_About this task_
Each and every line below goes into your answer unchanged, but leave out the images.

BEGIN Collected data

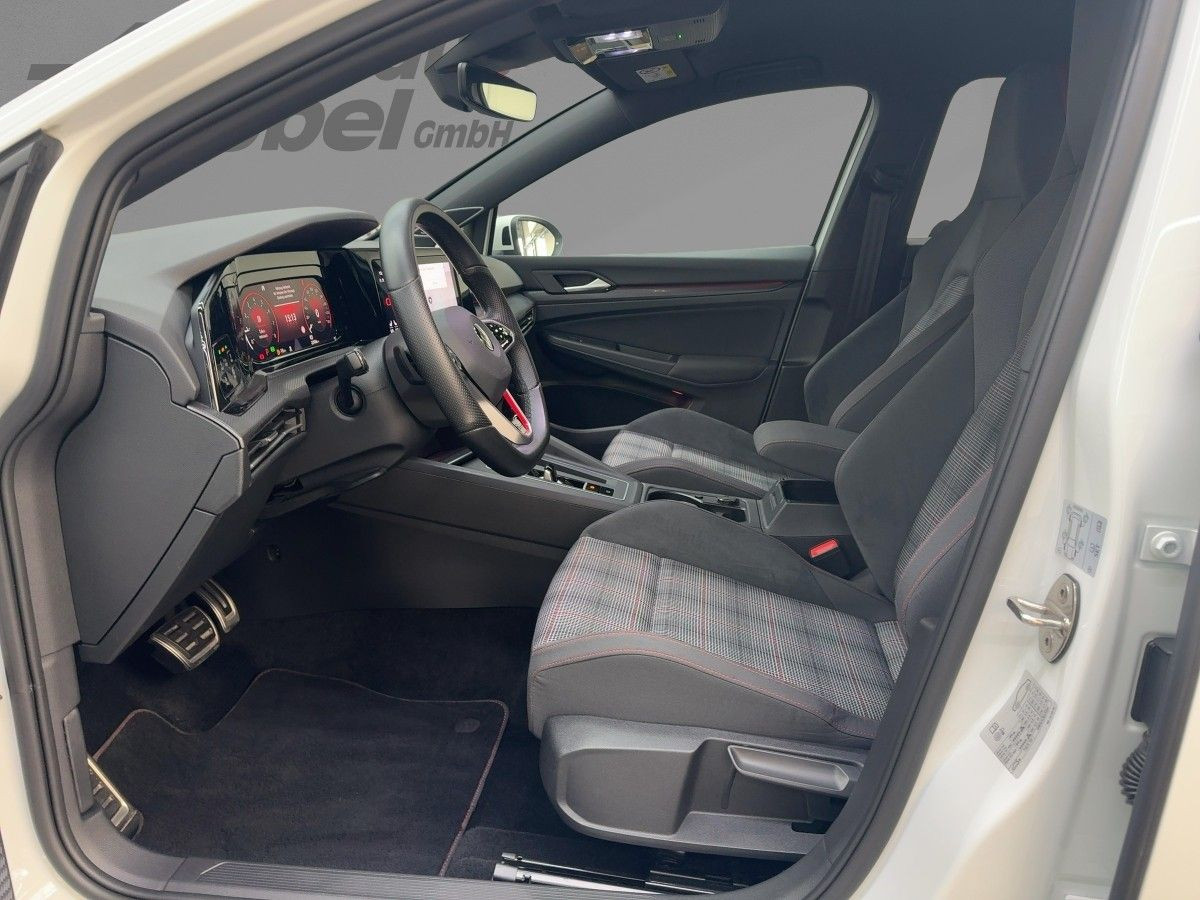 Golf VIII GTI 2.0 TSI DSG DCC LED-Matrix 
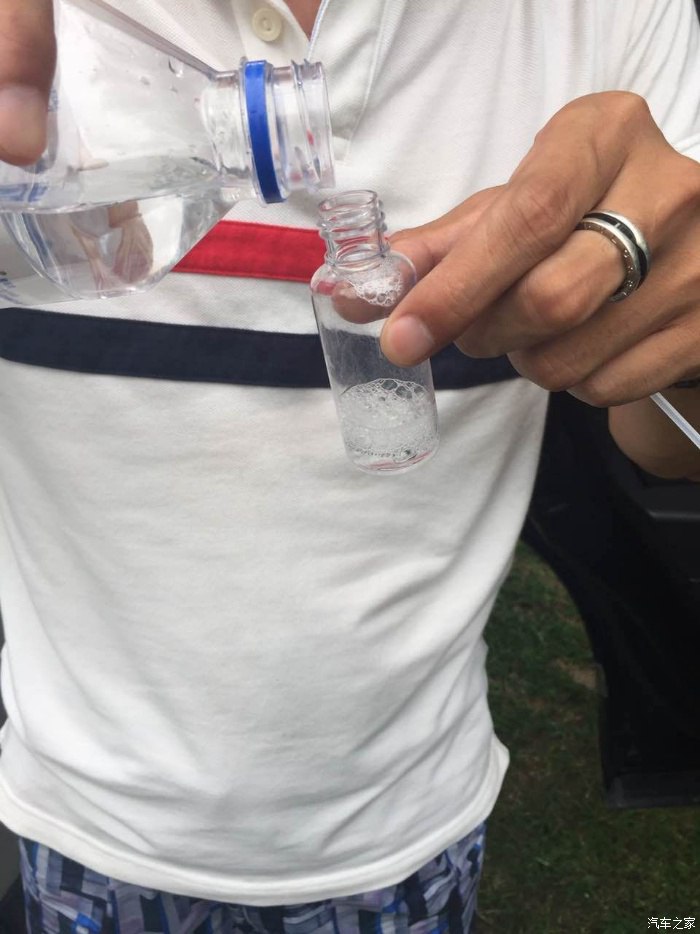 实木板材UV面划痕怎么修补,汽车门内饰板有划痕怎么处理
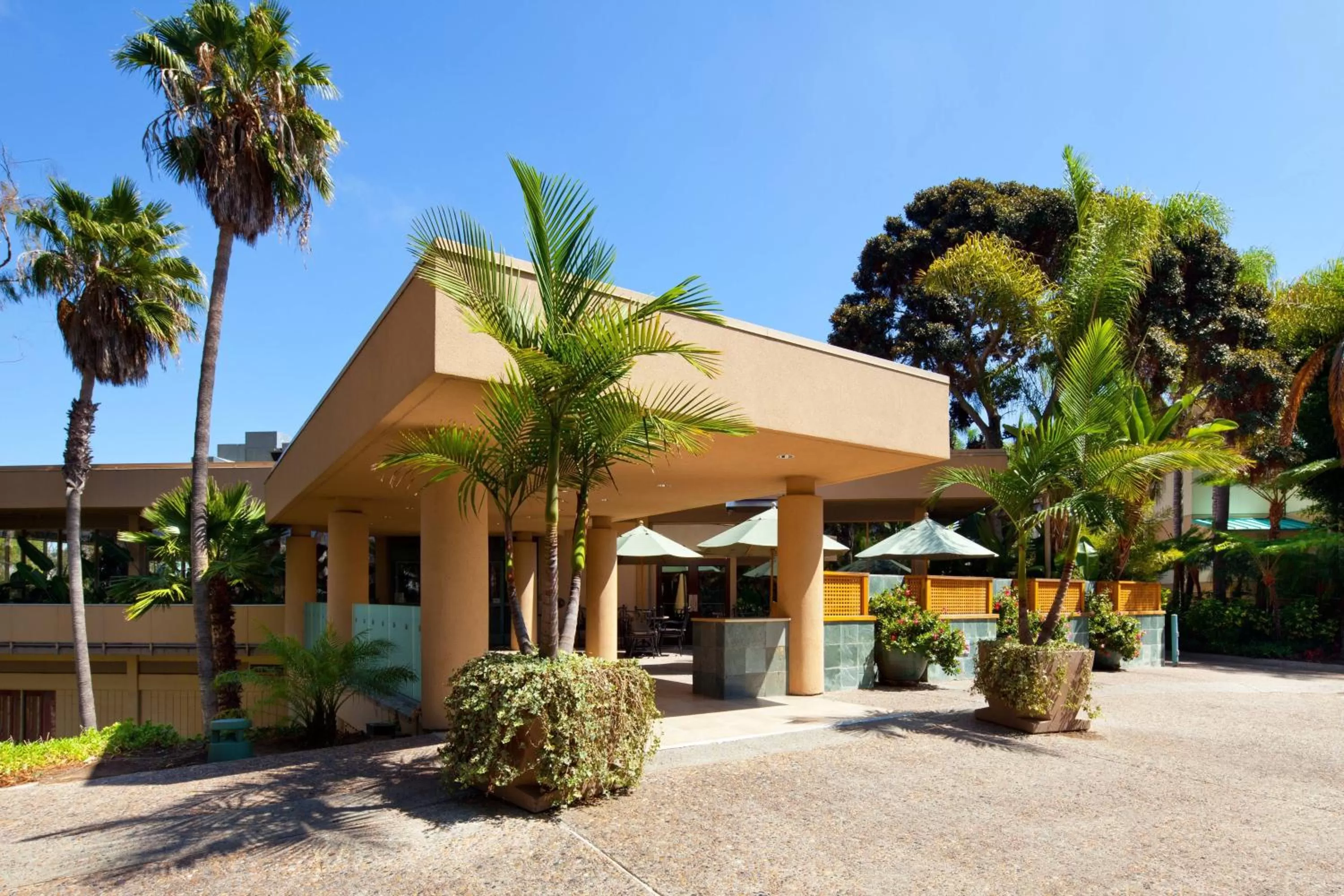 Property building in Sheraton La Jolla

END Collected data

_Result_
 Golf VIII GTI 2.0 TSI DSG DCC LED-Matrix 
 实木板材UV面划痕怎么修补,汽车门内饰板有划痕怎么处理
 Property building in Sheraton La Jolla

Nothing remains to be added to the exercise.